[[ Provided information open ]]

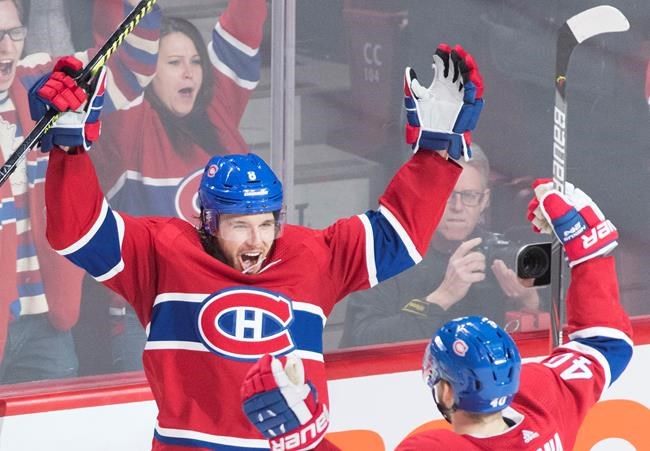 Chiarot scores in OT, Primeau gets first NHL win as Canadiens edge Senators | iNFOnews.ca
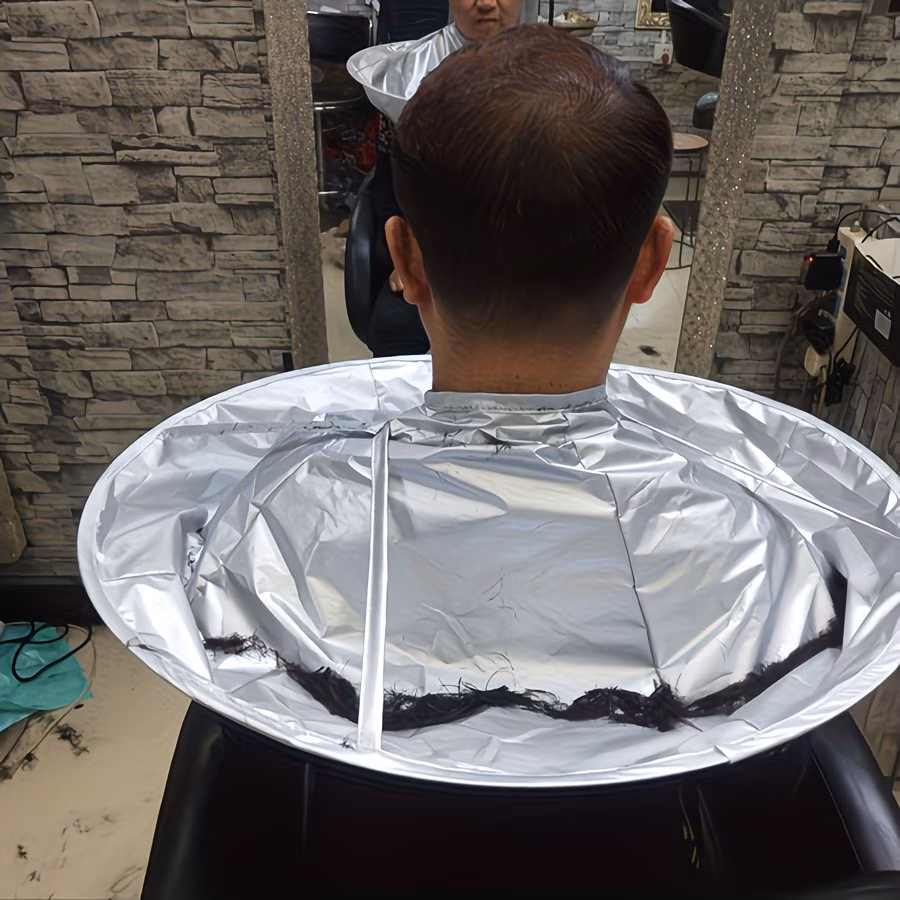 1pc of barber hair cutting cape hairdressing apron portable salon tools for hairstylists Product details 0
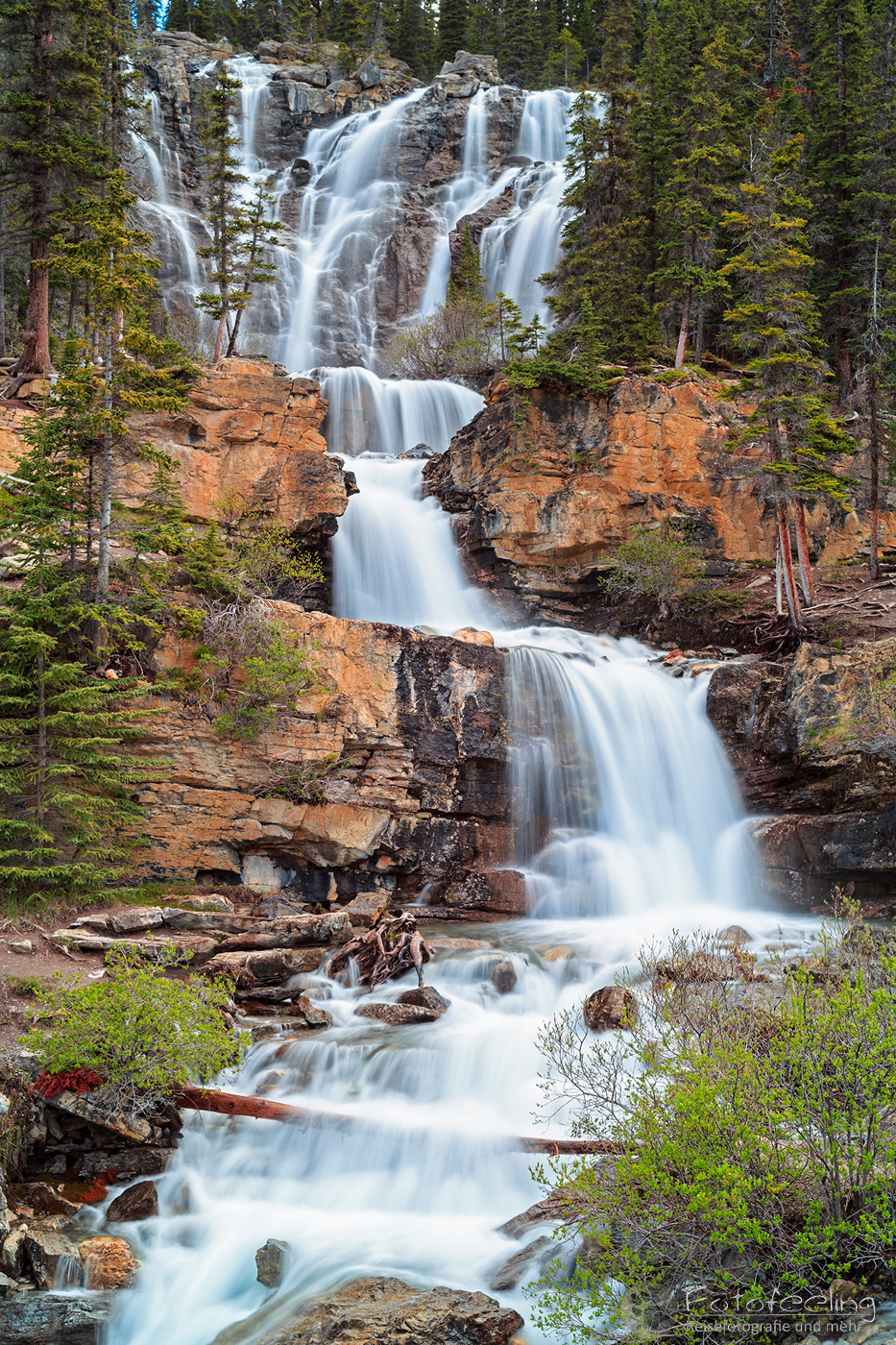 Tangle Creek Falls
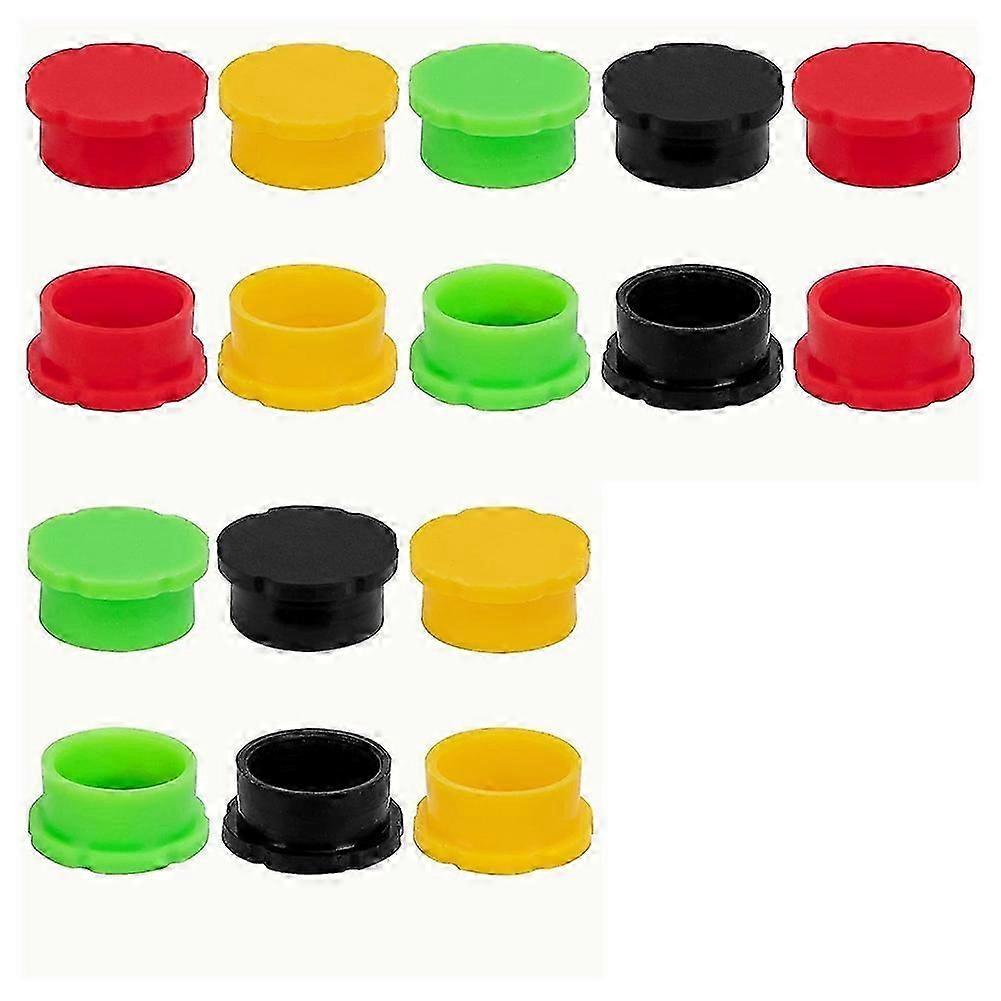 16 Pcs 3ml Protective Vial Caps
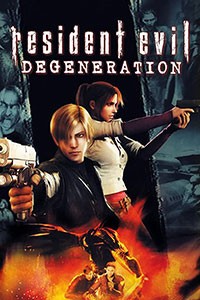 Resident Evil: Degeneration (AKA Biohazard: Degeneration) (2008)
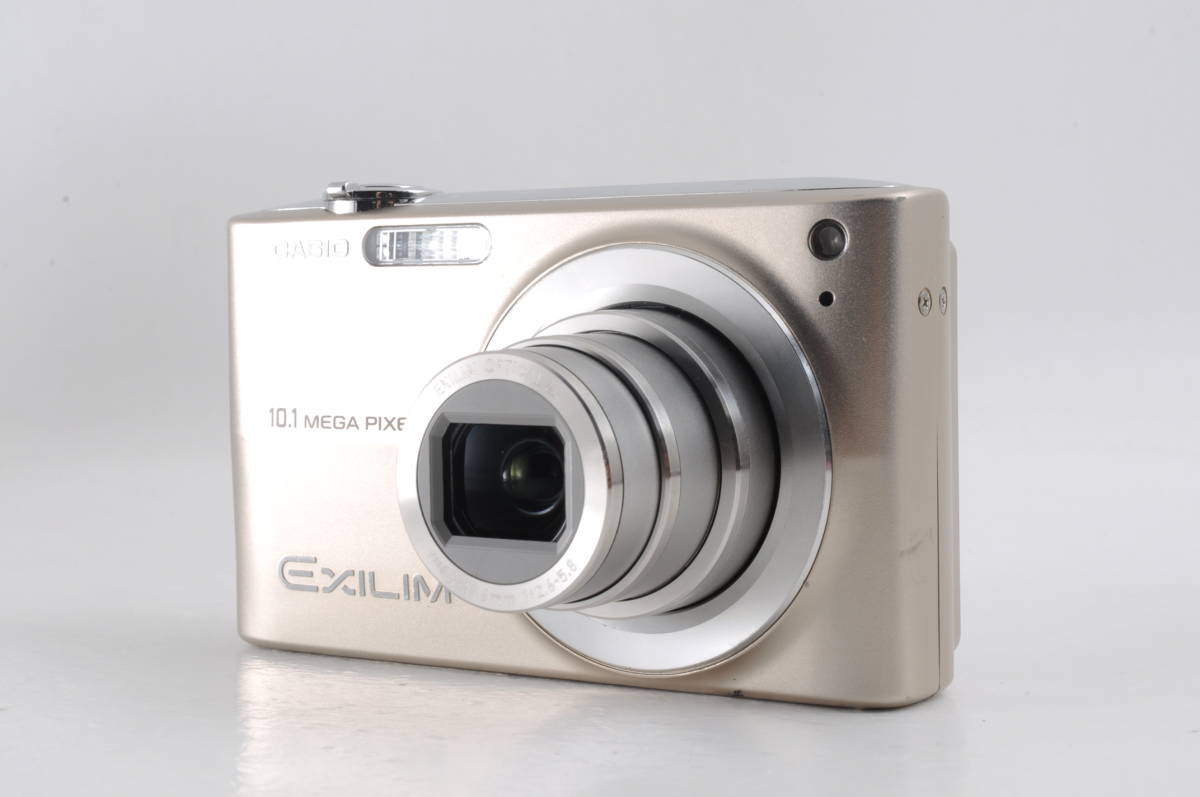 動作品 カシオ Casio EXILIM EX-Z200 エクシリム ゴールド コンパクト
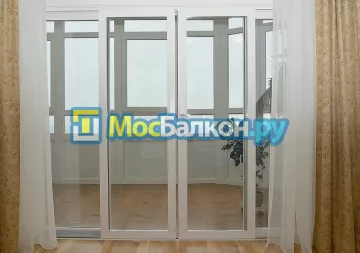 Шкаф на балкон купить в Щёлково на заказ недорого от МосБалкон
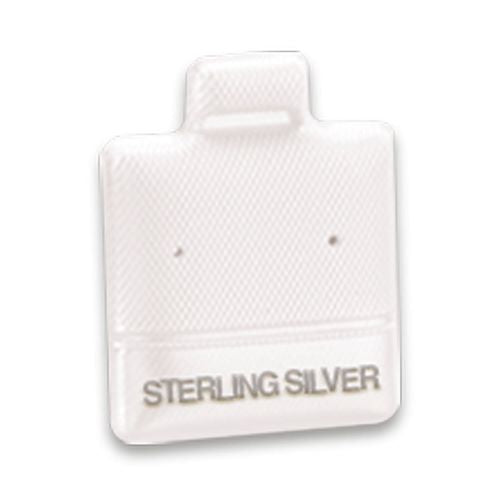 Blister De Plata Para Broquel Paquete De100 Pzs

[[ Provided information closed ]]

Problem to solve>
Omit the pictures and print again exactly the lines from the one with "Resident Evil: Degeneration" through the final line of the entries, both ends included.

Written response>
 Resident Evil: Degeneration (AKA Biohazard: Degeneration) (2008)
 動作品 カシオ Casio EXILIM EX-Z200 エクシリム ゴールド コンパクト
 Шкаф на балкон купить в Щёлково на заказ недорого от МосБалкон
 Blister De Plata Para Broquel Paquete De100 Pzs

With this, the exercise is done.